The two main sources are Inside Airbnb and Kaggle. Inside Airbnb publishes free quarterly CSV snapshots (listings, calendar, and reviews) for about 40 cities. Kaggle hosts static datasets like the New York City and U.S. Airbnb Open Data. Both are free downloads and great for learning, but they're snapshots, not live feeds.
Is Inside Airbnb data up to date?
Only as of its snapshot date. Inside Airbnb refreshes on a quarterly schedule, so a file can be one to three months old when you download it, and older if you grab an archived quarter. Prices and availability drift quickly, so for anything current you need a live Airbnb API rather than a snapshot.
What is the Kaggle Airbnb dataset?
It's a collection of static Airbnb datasets hosted on Kaggle, most famously the New York City Airbnb Open Data with around 48,000 listings from 2019. They're popular for learning data science and machine learning because they're clean and free, but they're frozen in time and cover only the cities and dates they were captured.
Are Airbnb datasets free?
Yes. Inside Airbnb publishes its data for free under an open license, and Kaggle's Airbnb datasets are free to download. That makes them ideal for practice, research, and reproducible academic work. The cost shows up later, as staleness: a free snapshot that's three months old can misprice a market you're trying to analyze today.
Should I use a dataset or an API for Airbnb data?
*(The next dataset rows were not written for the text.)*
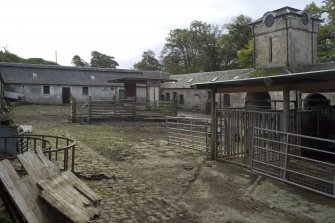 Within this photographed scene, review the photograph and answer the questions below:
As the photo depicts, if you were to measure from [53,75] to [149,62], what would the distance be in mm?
34301

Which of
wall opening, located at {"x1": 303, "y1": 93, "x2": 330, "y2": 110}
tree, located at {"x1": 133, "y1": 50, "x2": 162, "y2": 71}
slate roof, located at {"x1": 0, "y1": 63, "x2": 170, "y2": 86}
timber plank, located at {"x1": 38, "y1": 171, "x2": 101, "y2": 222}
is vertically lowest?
timber plank, located at {"x1": 38, "y1": 171, "x2": 101, "y2": 222}

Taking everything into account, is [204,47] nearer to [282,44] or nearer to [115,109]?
[282,44]

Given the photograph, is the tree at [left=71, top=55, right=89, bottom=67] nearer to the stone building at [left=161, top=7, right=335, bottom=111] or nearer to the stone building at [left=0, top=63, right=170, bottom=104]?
the stone building at [left=0, top=63, right=170, bottom=104]

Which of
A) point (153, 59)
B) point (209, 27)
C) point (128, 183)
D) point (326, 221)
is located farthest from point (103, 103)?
point (153, 59)

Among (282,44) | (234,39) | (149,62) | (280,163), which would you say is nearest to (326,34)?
(282,44)

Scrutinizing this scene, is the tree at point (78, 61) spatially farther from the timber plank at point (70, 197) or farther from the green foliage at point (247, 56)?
the timber plank at point (70, 197)

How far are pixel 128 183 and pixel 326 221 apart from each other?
4.53 metres

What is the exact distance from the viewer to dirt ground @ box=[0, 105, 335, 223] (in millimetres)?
6340

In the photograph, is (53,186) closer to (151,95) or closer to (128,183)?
(128,183)

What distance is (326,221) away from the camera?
20.0 feet

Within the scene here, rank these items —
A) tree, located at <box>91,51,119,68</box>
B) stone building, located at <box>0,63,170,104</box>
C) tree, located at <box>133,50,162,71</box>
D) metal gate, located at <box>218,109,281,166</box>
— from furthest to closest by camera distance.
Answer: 1. tree, located at <box>91,51,119,68</box>
2. tree, located at <box>133,50,162,71</box>
3. stone building, located at <box>0,63,170,104</box>
4. metal gate, located at <box>218,109,281,166</box>

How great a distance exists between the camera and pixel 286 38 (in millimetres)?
26922

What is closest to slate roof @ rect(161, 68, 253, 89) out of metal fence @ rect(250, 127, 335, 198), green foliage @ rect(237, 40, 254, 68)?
green foliage @ rect(237, 40, 254, 68)

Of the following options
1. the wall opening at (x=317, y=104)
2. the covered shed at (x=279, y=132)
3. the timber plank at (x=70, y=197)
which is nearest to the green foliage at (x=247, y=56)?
the wall opening at (x=317, y=104) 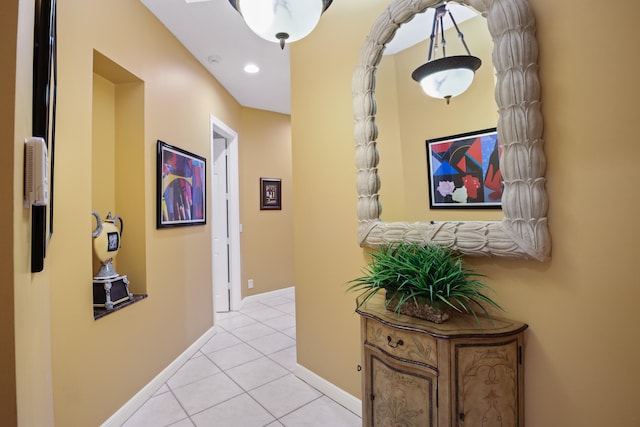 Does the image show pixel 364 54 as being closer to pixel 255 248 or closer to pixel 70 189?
pixel 70 189

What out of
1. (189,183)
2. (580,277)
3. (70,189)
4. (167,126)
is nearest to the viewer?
(580,277)

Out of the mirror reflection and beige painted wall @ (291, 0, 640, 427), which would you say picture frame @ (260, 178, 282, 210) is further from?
beige painted wall @ (291, 0, 640, 427)

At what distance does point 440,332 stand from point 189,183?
8.48ft

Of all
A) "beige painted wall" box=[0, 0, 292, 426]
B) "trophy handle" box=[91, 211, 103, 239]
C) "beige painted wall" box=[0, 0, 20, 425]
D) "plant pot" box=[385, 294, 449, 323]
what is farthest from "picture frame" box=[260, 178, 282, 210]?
"beige painted wall" box=[0, 0, 20, 425]

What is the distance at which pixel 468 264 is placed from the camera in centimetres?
144

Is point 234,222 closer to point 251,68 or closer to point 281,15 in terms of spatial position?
point 251,68

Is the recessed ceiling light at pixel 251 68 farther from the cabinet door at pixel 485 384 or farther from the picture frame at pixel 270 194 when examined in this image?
the cabinet door at pixel 485 384

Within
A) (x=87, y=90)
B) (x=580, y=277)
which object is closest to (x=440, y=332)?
(x=580, y=277)

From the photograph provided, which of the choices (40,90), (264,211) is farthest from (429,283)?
(264,211)

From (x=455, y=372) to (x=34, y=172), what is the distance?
1.44 meters

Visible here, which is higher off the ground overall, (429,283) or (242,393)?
(429,283)

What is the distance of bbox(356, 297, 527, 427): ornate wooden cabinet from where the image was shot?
45.8 inches

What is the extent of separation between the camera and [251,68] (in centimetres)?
333

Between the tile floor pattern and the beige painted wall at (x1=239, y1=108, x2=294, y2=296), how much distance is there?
143 cm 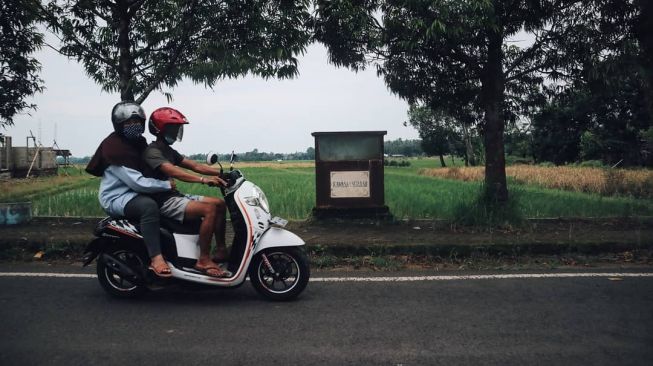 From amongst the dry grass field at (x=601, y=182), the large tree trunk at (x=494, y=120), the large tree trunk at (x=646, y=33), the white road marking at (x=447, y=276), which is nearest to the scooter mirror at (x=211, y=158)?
the white road marking at (x=447, y=276)

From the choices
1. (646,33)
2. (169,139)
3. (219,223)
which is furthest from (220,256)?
(646,33)

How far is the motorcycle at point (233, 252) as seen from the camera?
4.23 metres

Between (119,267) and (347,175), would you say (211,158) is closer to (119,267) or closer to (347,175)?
(119,267)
Use a dataset for learning, reproducible research, or historical baselines, where a fixed snapshot is a feature. Use a live Airbnb API for anything current: pricing, availability, market monitoring, or a product. A dataset answers what a market looked like last quarter; an API answers what it looks like right now.
How current is Airbnb dataset data?
A dataset is exactly as current as its capture date and never updates after that. Inside Airbnb's quarterly cadence means months of drift between refreshes. A live API returns today's prices and availability on demand, so if your decision depends on current numbers, the snapshot's age is the deciding factor.